Task objective: Set the listing down again exactly, please, apart from its pictures.

Material provided:

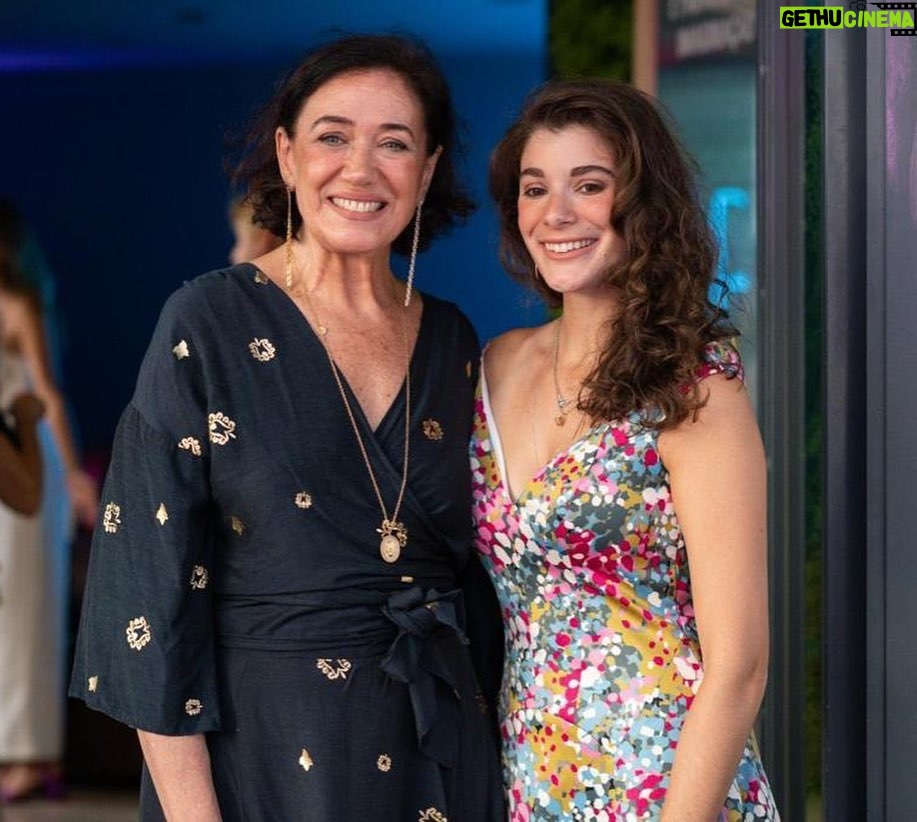 Lilia Cabral - 22.7K Likes - Que maravilha estar com a @giuliabertolli em Lisboa e ainda poder rever tantos amigos queridos ❤️🇵🇹 @globointernacional
#tvglobo #lisboa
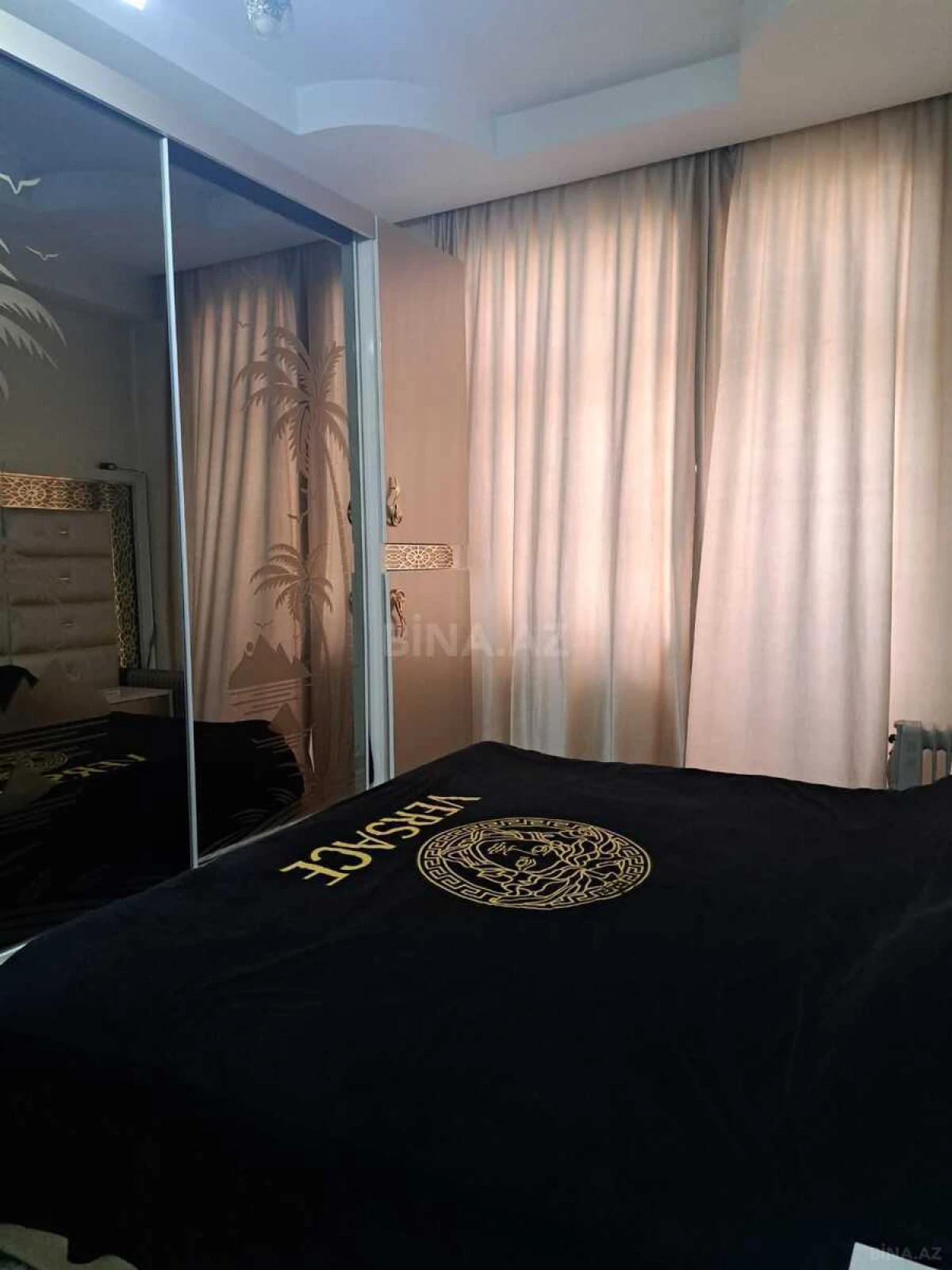 Satılır 3 otaqlı mənzil 121 m²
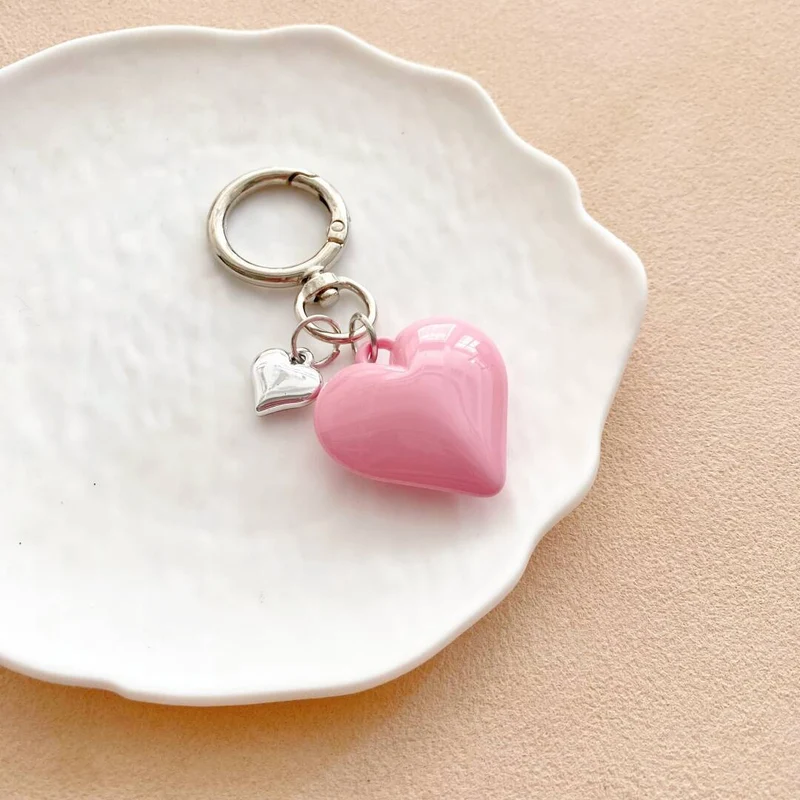 Herzförmiger Charm Schlüsselanhänger Karnz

Reply:
 Lilia Cabral - 22.7K Likes - Que maravilha estar com a @giuliabertolli em Lisboa e ainda poder rever tantos amigos queridos ❤️🇵🇹 @globointernacional
#tvglobo #lisboa
 Satılır 3 otaqlı mənzil 121 m²
 Herzförmiger Charm Schlüsselanhänger Karnz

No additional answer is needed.